## Aim of the exercise
What is needed is an exact copy of the records, with the images left out.

::: Source records

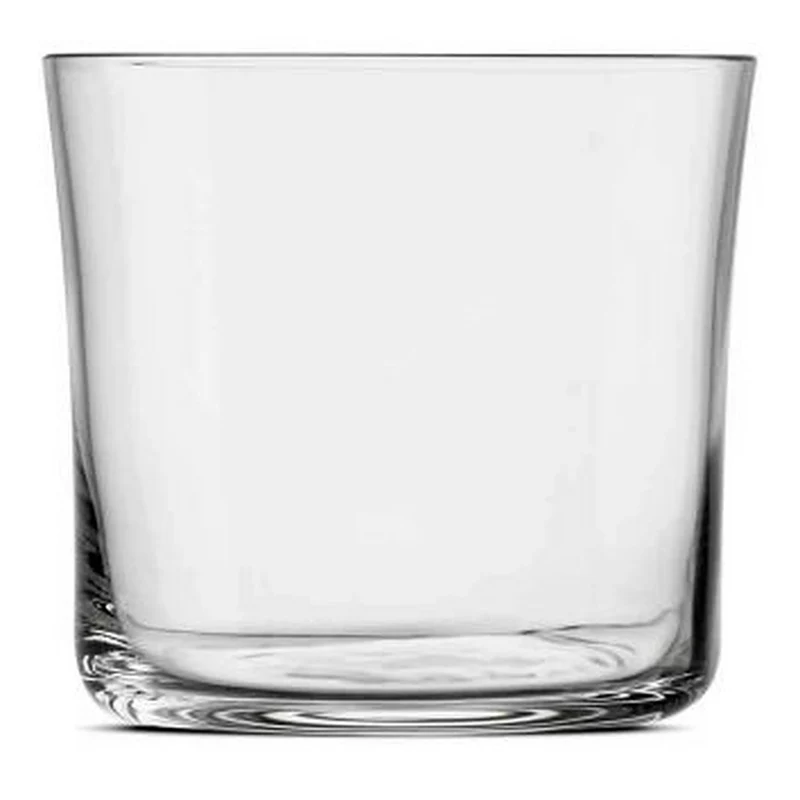 Rocksglas Nude Savage Lowball 295 ml - 6er-Set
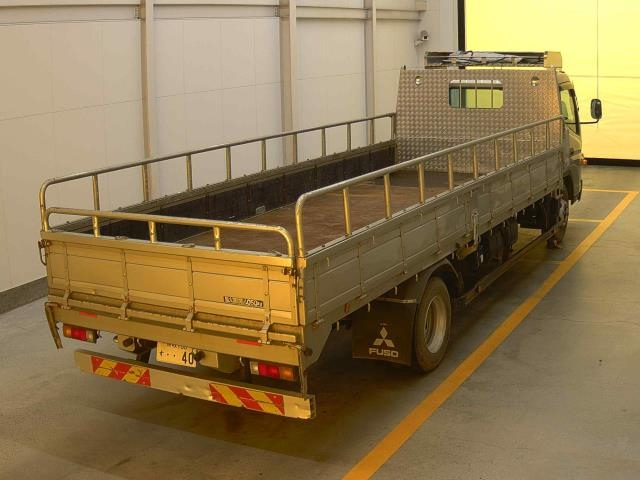 MITSUBISHI CANTER 2019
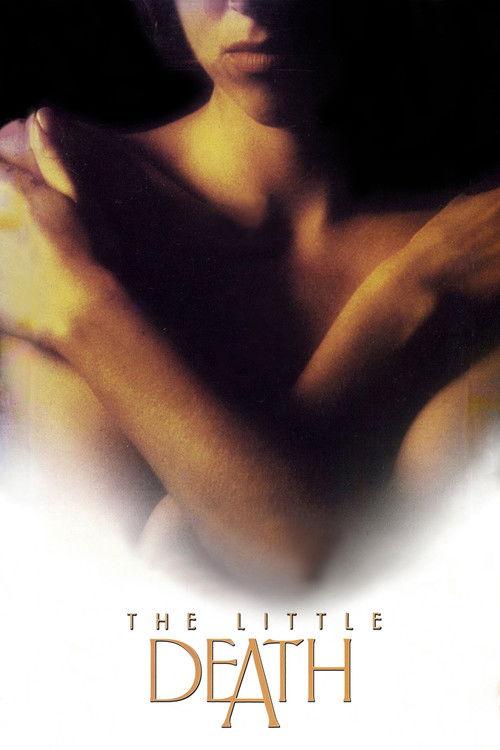 The Little Death 1996 official movie poster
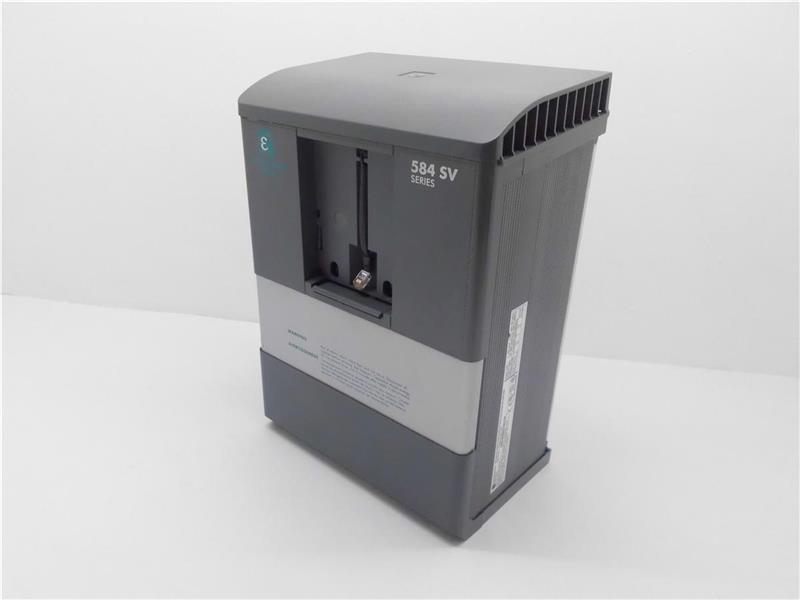 Eurotherm Drives 584SV/0055/400/0010/UK/000/0000/B0/000/0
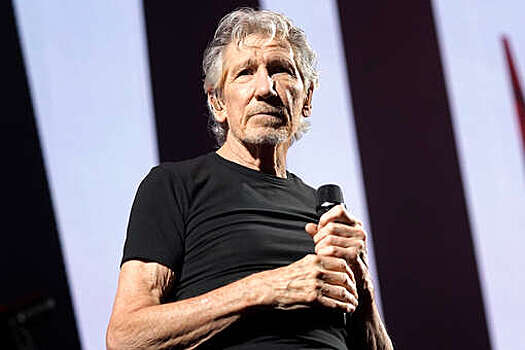 Сооснователь Pink Floyd Уотерс отверг обвинения в восхвалении национал-социализма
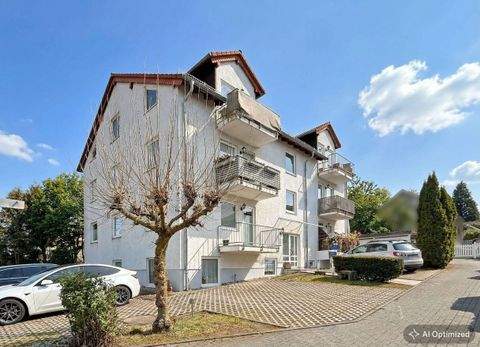 Staufenberg Wohnungen, Staufenberg Wohnung kaufen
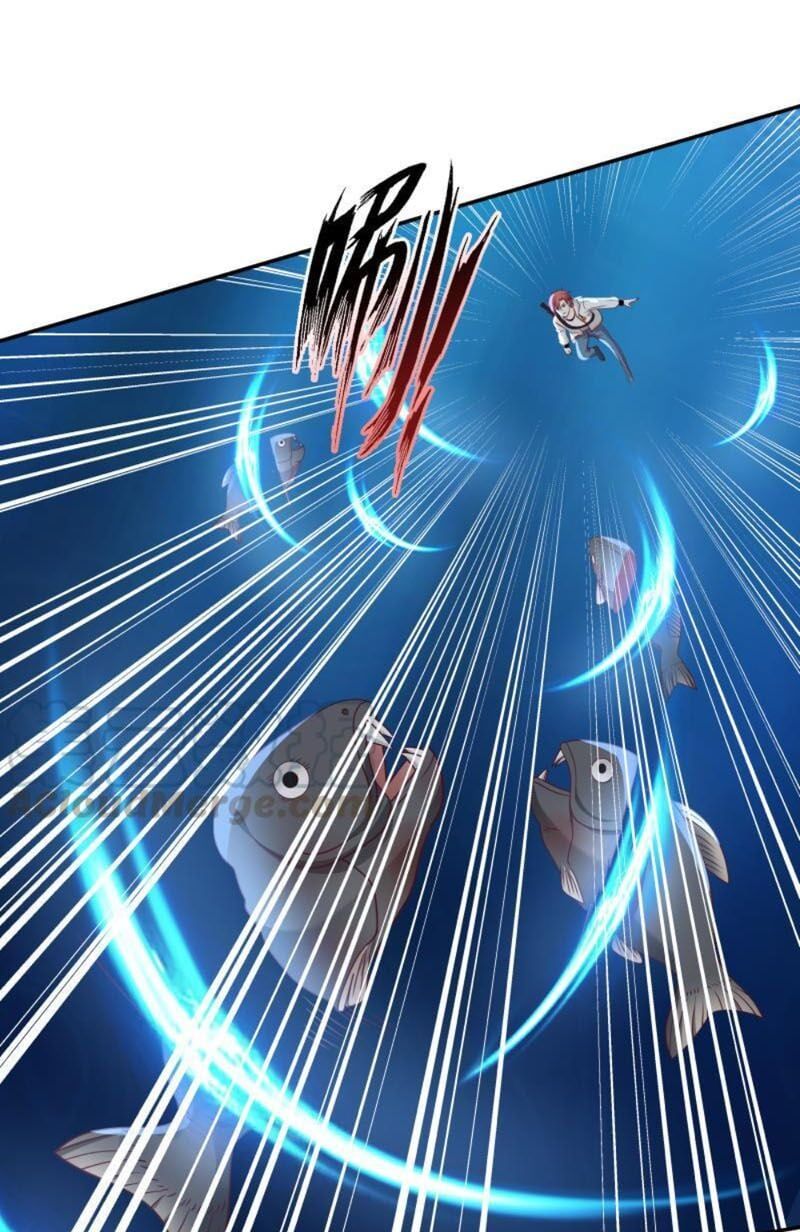 đọc truyện Trên Người Ta Có Một Con Rồng Chương 324 ảnh 15 tại Thiên Thai Truyện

::::::

## Response below
 Rocksglas Nude Savage Lowball 295 ml - 6er-Set
 MITSUBISHI CANTER 2019
 The Little Death 1996 official movie poster
 Eurotherm Drives 584SV/0055/400/0010/UK/000/0000/B0/000/0
 Сооснователь Pink Floyd Уотерс отверг обвинения в восхвалении национал-социализма
 Staufenberg Wohnungen, Staufenberg Wohnung kaufen
 đọc truyện Trên Người Ta Có Một Con Rồng Chương 324 ảnh 15 tại Thiên Thai Truyện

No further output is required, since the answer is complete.